Fixed income products lead the way for generating income

In all regions, except Australia, we see widespread usage of fixed income products (investment grade bonds, high yield bonds, guaranteed income products) to meet income needs.

  • In North America, more than half of investors (53%) generate income from fixed income products; 27% use investment grade bonds and 21% use high yield bonds. Canadian investors, though, are far more likely than Americans to use guaranteed income products (52% vs. 34%).
  • In Europe there is fairly broad usage of fixed income (56%), but it varies dramatically by country: Germany (41%), UK (48%), Spain (62%), Italy (80%). We see higher use of guaranteed income products in Spain, France and Italy than in the UK and Germany. Overall, Europeans are slightly more likely to be using investment grade bonds (20%) than high yield bonds (16%).
  • There is more widespread usage of fixed income products within Asia (71% currently using). China and Hong Kong are highest, with 87% and 85% of investors, respectively, relying on fixed income products to meet their income needs. Singapore (69%) and Taiwan (63%) are in the next tier, with Japan (52%) lowest of the Asia nations. Asian income investors are as likely to be using high yield bonds as investment grade bonds.
  • Australia is lowest of all markets, with just 33% saying they use fixed income products to meet their income needs.

Equity income fund usage higher in North America and Asia than in Europe and Australia

Equity income funds have emerged as a commonly used product to meet income needs and may take on even more prominence; more than half of investors globally (54%) say they are now more inclined to use equities to generate income.

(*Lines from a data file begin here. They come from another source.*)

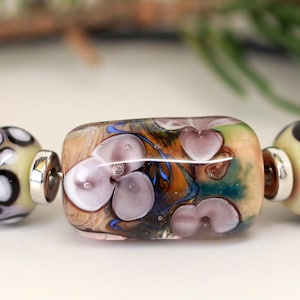 Lampwork Beads/Lampwork Focal Bead/Glass Beads/Lampwork Earring Beads/OOAK Beads/Handmade Beads/Encased Floral Beads/Lampwork Bead Set (9)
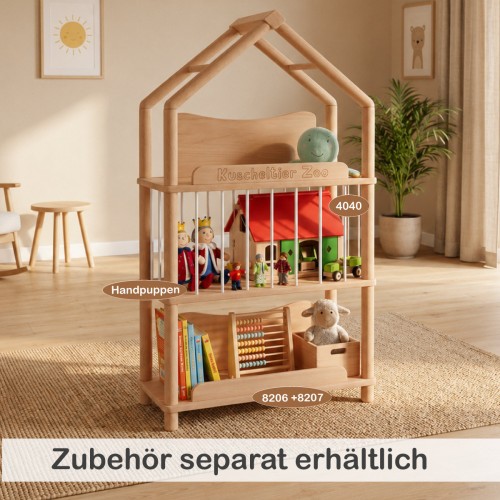 Montessori Regal mit Bauernhof-Spielwelt, Puppen, Büchern und weiterem separat erhältlichem Zubehör.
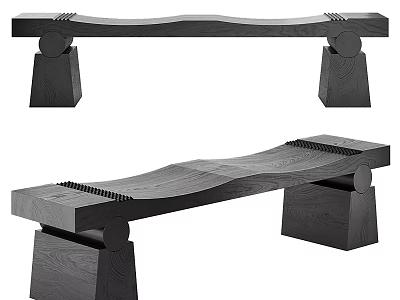 Modern Wooden Sofa Bench With Curved Seat And Solid Wood Legs Design 3d model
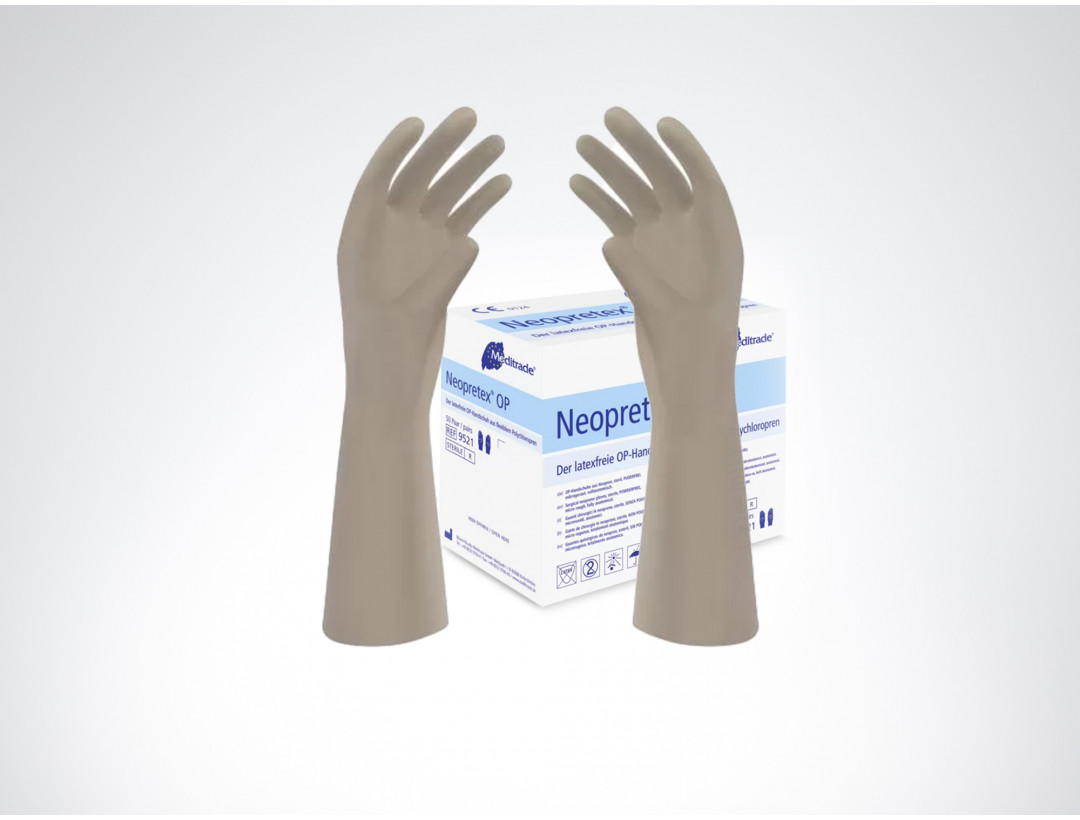 OP-Handschuhe latexfrei, puderfrei, Natur 28,5 cm, Größe 7-9, 50 Paar einzeln verpackt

In addition, in all regions, those investing for income are more likely to increase than decrease their allocation to equity income funds.

  • Within North America, Canadians are most likely to be using equity income funds (52% vs. 40% of U.S. investors)
  • Within Europe, equity income fund usage is highest in Italy (49%)
  • Within Asia, equity income fund usage is high across the board except for Japan (22%).

North American investors, particularly in the U.S., are least likely to generate investment income through real estate

Only 17% of North American investors use real estate to generate income (16% in U.S. and 24% in Canada) vs. far higher figures across Europe (33%), Asia (28%) and Australia (36%).

  • In Singapore, 59% of those using income generating products say they plan to increase their usage of real estate to generate income, by far the highest of all countries surveyed.

Specialized investment vehicles such as MLPs, REITs, infrastructure finance and currency trading are infrequently used to generate income, but comparatively more so in Asia

North America, Europe and particularly Australia see low percentages of investors using specialized investment vehicles (US: 10%, Canada: 13%, UK: 8%, France: 11%, Germany: 8%, Spain 7%, Italy 14%, Australia: 4%). Of these countries, the U.S. has the highest proportion of income investors (23%) planning to increase their allocation to specialized investment vehicles.

Asian markets surveyed are higher, sometimes significantly higher, than Europe, North America and Australia in their usage of specialized investment vehicles (Taiwan: 12%, Japan: 15%, Hong Kong: 22%, Singapore: 31%, China: 34%) as well as their desire to increase allocations to this asset class.


MLPs, or Master Limited Partnerships, are a special type of investment partnership under the U.S. tax code limited to specific industries, including energy development.


REITs, or Real Estate Investment Trusts, invest in real estate or loans backed by real estate, and issue shares in such investments, which may be illiquid.


ATTITUDES TOWARD INTERNATIONAL INVESTING

Investors are increasingly open to international investing, particularly European and Asian investors

In 10 of the 13 countries surveyed, a majority of investors are open to investing internationally for equities and fixed income. The exceptions are France, Australia and Japan.

  • Asian investors (particularly China) stand out for their openness to invest internationally for fixed income.

There is a clear trend of investors around the world becoming more open to the notion of going outside their home countries for income opportunities, although the focus on international investing for income varies considerably by region. Asian and European investors show positive momentum toward international investing for income while this is less the case in North America and, in particular, Australia.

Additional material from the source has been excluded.